398. Il est également demandé à la Cour de condamner l'Autorité à payer au titre de l'article 700 du code de procédure civile une somme de :

20 000 euros au bénéfice du CIVA ;

26 000 euros au bénéfice de la CNAOC ;

15 000 euros au bénéfice du CNIV.

399. L'AVA et le CIVA succombant partiellement en leur recours, l'équité ne justifie pas de faire application de l'article 700 du code de procédure civile.

PAR CES MOTIFS

DIT que la Cour ne peut être saisie d'aucun moyen soulevé oralement à l'audience de plaidoirie et juge en conséquences irrecevables tous les moyens développés oralement par le CIVA et l'AVA sans avoir été préalablement intégrés à leurs écritures récapitulatives ;

RELEVANT D'OFFICE l'application du principe de rétroactivité de la loi plus douce aux nouvelles dispositions des articles 210 et 172 ter du règlement (UE) n° 1308/2013 portant organisation commune des marchés dans le secteur des produits agricoles, issues du règlement (UE) n° 2021/2117 du Parlement européen et du conseil du 2 décembre 2021, dit que leurs conditions d'application ne sont pas réunies ;

RETIENT la compétence matérielle de l'Autorité de la concurrence pour apprécier la légalité des pratiques en cause ;

REJETTE les recours en ce qu'ils tendent à l'annulation de la décision n° 20-D-12 du 17 septembre 2020 relative à des pratiques mises en œuvre dans le secteur des vins d'Alsace ;

RÉFORME les articles 2 et 4 de cette décision, mais seulement en ce qu'ils infligent des sanctions de 26 000 euros à l'Association des Viticulteurs d'Alsace et 139 000 euros au Conseil Interprofessionnel des Vins d'Alsace au titre des pratiques visées à l'article 1er et de 209 000 euros au Conseil Interprofessionnel des Vins d'Alsace au titre des pratiques visées à l'article 3 ;

Statuant à nouveau sur ces points,

INFLIGE, au titre des pratiques visées à l'article 1er de cette décision, les sanctions pécuniaires suivantes :

13 000 euros à l'Association des Viticulteurs d'Alsace ; et

69 500 euros au Conseil Interprofessionnel des Vins d'Alsace.

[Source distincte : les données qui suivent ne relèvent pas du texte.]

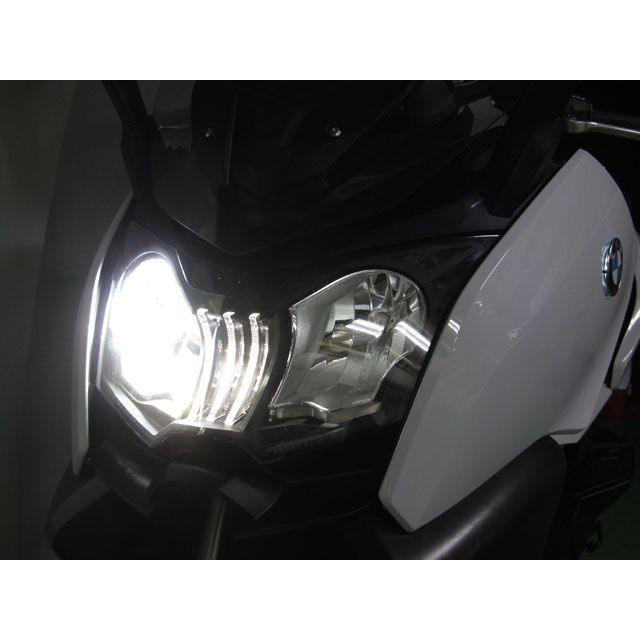 安心の関税送料込み SS3 LED フォグライトキット 2015-2017 スバル WRX/STi用 Sport イエロー  DD6179-ss3fog-2985
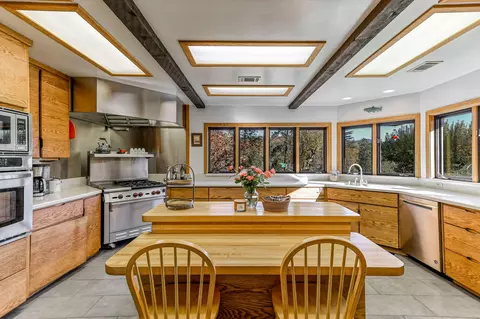 444 Easter Ave, Weaverville, CA 96093 photo 51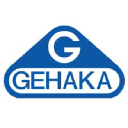 Gehaka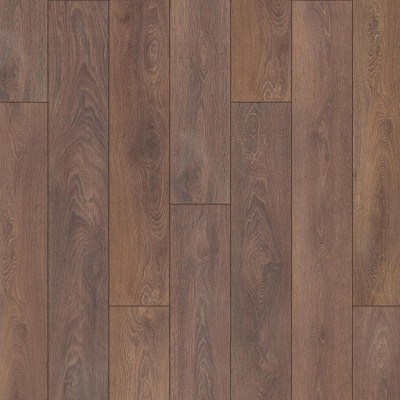 Ламинат Binyl PRO Дуб Шейр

INFLIGE au Conseil Interprofessionnel des Vins d'Alsace une sanction de 104 500 euros au titre des pratiques visées à l'article 3 de la même décision ;

RAPPELLE que les sommes qui auraient été payées excédant le montant fixé par le présent arrêt devront être remboursées aux organismes concernés, outre les intérêts au taux légal à compter de la notification du présent arrêt et, s'il y a lieu, capitalisation des intérêts dans les termes de l'article 1343-2 du code civil ;

RÉFORME, en conséquence, les article 5 et 6 de la décision attaquée, mais seulement en ce qu'ils renvoient au résumé figurant au § 449 de cette décision, et dans les limites suivantes : la première phrase du 4ème paragraphe de ce résumé doit ainsi être remplacée par le libellé suivant : « À la suite de l'arrêt rendu le 12 mai 2022 par la cour d'appel de Paris sur les recours exercés par le CIVA et l'AVA, qui ont été partiellement accueillis, les sanctions pécuniaires suivantes sont infligées : » et les montants qui y figurent à la suite seront remplacés par « 13 000 euros à l'AVA » et « 69500 euros au CIVA ». Le 5ème paragraphe est remplacé par le libellé suivant « En second lieu, l'Autorité a infligé une sanction pécuniaire au CIVA pour avoir mis en œuvre, entre 1980 et 2018, une entente visant à donner, pour chaque récolte, à ses adhérents, des recommandations tarifaires sur le prix du vin en vrac, dont le montant a été réduit à 104 500 euros à la suite de l'arrêt précité rendu le 12 mai 2022 ». Le 8ème paragraphe est remplacé par « Le texte intégral de la décision de l'Autorité de la concurrence et de l'arrêt de la cour d'appel de Paris statuant sur le recours formé contre cette décision sont accessibles sur le site www.autoritedelaconcurrence.fr » ;

DIT que les modalités et délais fixés aux articles 5 et 6 de la décision attaquée sont reconduits à compter de la notification du présent arrêt ;

REJETTE le recours en réformation pour le surplus ainsi que les autres demandes afférentes ;

DIT que le présent arrêt sera transmis à la Commission de l'Union européenne en application de l'article 15, paragraphe 2, du règlement (CE) n° 1/2003 du Conseil du 16 décembre 2002 relatif à la mise en œuvre des règles de concurrence prévues aux articles 81 et 82 du traité ;

DIT n'y avoir lieu à application de l'article 700 du code de procédure civile ;

LAISSE à chaque partie la charge de ses dépens.